--- Exercise data ---

☆ ☆ ☆

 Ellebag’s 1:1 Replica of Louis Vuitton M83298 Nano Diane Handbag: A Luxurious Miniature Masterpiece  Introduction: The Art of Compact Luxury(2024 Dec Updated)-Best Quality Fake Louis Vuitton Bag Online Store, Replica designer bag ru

☆ ☆ ☆

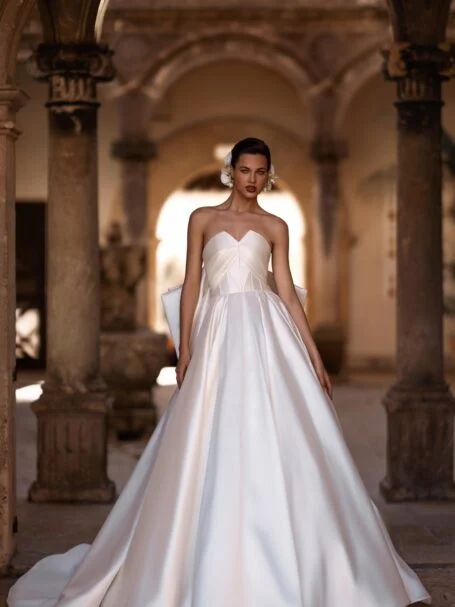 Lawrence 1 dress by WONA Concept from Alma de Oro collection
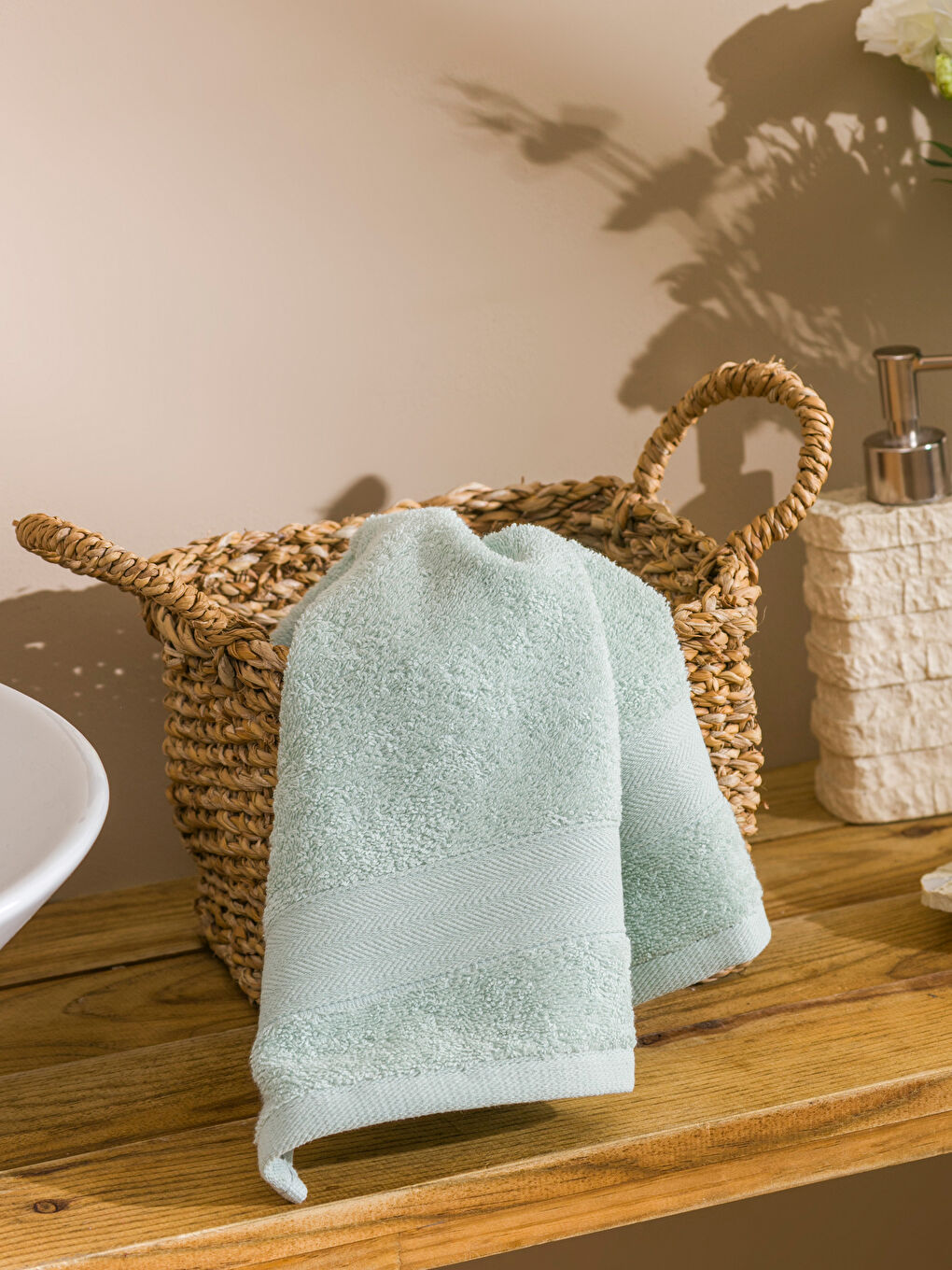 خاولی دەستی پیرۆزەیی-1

☆ ☆ ☆

Skipping the pictures, print the lines in the listing above exactly as written, starting at the line with "Lawrence 1 dress" and ending at the line with "خاولی دەستی پیرۆزەیی-1", both included.

--- Solution for this problem ---
 Lawrence 1 dress by WONA Concept from Alma de Oro collection
 خاولی دەستی پیرۆزەیی-1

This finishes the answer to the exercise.